With Amtrak routinely trumpeting their "green" image it's odd to see them running parked locomotives simply because being less wasteful wasn't "worthwhile" enough for them to bother with. Here in San Antonio they plug in the ground based HEP but still leave the Texas Eagle locomotives running all night long anyway. That's around eight hours each night or almost 250 hours a month, or nearly 3,000 hours each year. Or a minimum of 60,000 hours during the lifespan of a locomotive. I wonder how many gallons of diesel it takes to keep a locomotive running for 60,000 hours or more. Oh well at least petroleum is still cheap right.
By the time you consider line losses between power plant and user using oil or gas to power a central generating plant, I would suspect that it would prove ridiculous.
To a man with only a hammer, every problem resembles a nail. To a railroad with nothing but diesel electric locomotives every problem just needs more diesel thrown at it. Which is fine when petroleum is cheap. When it becomes more expensive there's no easy way to mitigate the costs. Which is why rail shipment invoices now come with perpetual fuel surcharges.
Most people agree that nuclear is cheaper than coal or oil.
Cheap nuclear sounds great until you start researching the issue. Last I checked here in the US nothing is cheaper than using coal when deployed nationwide. If you add up the full costs of designing, building, fueling, maintaining, and decommissioning nuclear power plants, including the costs and liabilities born by the US taxpayer, the cost of nuclear is in reality surprisingly high. Modern nuclear power plants can easily reach tens of billions of dollars just to license and build. Not to mention that the fuel still needs to be mined, transported thousands of miles via specialized shipping, heavily refined and processed, constantly protected, carefully loaded, constantly monitored, even more carefully removed, slowly cooled in specialized pools, sealed in specialized caskets, transported thousands of additional miles to be stored away from natural resources, prying eyes, and terrorists for anywhere from thousands to millions of years.

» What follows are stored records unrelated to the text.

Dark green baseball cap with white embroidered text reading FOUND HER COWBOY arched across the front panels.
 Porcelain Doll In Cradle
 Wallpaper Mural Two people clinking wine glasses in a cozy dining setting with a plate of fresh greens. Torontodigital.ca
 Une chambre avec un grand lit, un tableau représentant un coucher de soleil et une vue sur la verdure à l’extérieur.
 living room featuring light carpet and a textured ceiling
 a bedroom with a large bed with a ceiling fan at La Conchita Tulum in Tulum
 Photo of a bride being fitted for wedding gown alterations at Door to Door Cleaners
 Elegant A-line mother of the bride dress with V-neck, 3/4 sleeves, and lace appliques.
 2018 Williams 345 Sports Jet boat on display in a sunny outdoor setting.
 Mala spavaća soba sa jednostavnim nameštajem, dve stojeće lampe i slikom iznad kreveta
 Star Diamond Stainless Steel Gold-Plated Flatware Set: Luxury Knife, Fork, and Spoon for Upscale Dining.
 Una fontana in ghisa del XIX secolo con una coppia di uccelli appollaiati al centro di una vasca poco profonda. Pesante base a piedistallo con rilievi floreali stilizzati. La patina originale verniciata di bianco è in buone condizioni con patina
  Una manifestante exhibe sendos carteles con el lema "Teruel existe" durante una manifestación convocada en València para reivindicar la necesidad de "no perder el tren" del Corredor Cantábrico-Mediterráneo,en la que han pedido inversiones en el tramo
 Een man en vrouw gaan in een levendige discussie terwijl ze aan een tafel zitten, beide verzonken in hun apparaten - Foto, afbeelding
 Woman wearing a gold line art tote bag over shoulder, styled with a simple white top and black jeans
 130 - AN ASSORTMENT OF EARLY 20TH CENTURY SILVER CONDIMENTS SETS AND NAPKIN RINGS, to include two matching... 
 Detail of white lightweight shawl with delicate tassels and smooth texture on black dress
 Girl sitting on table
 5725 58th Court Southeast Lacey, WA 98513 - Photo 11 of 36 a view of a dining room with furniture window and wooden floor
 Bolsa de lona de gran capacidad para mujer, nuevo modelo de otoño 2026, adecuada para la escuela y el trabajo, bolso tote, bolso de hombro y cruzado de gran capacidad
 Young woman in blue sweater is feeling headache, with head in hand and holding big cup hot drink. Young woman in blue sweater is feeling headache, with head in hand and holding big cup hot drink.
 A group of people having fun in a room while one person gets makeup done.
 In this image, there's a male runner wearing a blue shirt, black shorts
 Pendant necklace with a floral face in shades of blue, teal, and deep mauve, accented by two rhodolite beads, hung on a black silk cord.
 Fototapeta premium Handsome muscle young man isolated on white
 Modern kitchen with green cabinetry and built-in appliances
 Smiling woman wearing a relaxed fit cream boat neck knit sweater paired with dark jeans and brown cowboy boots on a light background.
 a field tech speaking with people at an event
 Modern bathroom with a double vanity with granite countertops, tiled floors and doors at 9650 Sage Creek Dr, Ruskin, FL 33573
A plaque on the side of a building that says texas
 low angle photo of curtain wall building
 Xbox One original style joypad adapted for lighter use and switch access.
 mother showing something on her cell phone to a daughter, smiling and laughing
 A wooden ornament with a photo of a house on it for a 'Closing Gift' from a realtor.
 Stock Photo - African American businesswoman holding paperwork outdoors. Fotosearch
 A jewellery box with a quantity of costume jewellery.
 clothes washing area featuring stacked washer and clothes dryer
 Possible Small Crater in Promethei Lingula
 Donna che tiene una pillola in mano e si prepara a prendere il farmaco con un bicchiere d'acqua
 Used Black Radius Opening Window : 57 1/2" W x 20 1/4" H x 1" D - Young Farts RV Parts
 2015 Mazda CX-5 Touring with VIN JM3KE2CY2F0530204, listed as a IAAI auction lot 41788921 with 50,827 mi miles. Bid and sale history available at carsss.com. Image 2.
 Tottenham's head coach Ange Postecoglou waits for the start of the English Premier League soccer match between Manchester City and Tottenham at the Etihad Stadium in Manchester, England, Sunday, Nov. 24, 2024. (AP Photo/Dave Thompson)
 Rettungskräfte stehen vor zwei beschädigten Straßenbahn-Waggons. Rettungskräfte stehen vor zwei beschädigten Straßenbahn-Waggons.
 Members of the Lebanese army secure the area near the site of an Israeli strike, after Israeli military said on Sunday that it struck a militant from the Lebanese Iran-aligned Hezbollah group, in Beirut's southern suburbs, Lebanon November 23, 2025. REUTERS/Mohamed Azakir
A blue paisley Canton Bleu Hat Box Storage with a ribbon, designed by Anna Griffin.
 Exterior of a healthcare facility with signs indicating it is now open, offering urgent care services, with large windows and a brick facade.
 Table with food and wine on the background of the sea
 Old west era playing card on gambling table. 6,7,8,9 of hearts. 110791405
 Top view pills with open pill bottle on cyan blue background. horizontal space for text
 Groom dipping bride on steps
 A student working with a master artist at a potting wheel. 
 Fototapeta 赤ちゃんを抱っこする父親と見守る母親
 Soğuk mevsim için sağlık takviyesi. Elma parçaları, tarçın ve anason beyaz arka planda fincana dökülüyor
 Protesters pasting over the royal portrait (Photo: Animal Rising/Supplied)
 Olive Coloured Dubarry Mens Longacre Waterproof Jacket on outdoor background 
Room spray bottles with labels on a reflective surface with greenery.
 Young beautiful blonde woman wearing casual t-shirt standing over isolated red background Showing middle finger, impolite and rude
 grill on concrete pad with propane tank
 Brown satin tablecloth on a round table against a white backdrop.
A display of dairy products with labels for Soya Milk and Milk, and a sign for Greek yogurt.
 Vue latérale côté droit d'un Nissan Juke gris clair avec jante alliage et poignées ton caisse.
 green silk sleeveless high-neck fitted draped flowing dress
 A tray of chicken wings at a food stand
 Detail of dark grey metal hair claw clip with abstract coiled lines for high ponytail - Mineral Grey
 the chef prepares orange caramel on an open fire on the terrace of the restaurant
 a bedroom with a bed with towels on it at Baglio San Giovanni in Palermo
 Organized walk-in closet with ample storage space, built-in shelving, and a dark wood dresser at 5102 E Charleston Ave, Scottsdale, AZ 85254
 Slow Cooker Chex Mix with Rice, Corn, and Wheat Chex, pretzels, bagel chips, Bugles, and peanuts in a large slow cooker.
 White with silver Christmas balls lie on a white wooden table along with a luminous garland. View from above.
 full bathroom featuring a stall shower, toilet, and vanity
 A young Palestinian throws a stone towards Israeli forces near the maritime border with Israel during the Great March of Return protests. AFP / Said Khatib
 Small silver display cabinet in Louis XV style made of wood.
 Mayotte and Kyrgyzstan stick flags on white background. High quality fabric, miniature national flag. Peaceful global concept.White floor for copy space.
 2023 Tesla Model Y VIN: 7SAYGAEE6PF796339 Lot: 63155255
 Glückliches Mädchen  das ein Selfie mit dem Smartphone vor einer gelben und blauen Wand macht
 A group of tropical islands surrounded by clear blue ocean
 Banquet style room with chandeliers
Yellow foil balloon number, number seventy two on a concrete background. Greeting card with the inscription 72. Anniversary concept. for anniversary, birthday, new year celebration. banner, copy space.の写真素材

So far as I can tell the myth of cheap nuclear comes from a unique sequence of events whereby the original builders of the nuclear plants eventually succumbed to the debts incurred in building and maintaining their own plants. Other companies that did not build and were not liable for the debts were able to come in and buy the plants for pennies on the dollar. Thanks to agreements already in place from as early as the 1950's the US taxpayer remained on the hook for much of the legal liability and storage costs from plants built prior to the 1980's. As a result the new plant owners were able to leverage this rather unique situation into a great money making business. Unfortunately it only works for the middlemen. The original owners who built the plants got burned, just like the US taxpayer will eventually get burned as the first bills for decommissioning hundreds of plants and their fule for millions of years of highly secure storage must be paid. Good luck when that day comes.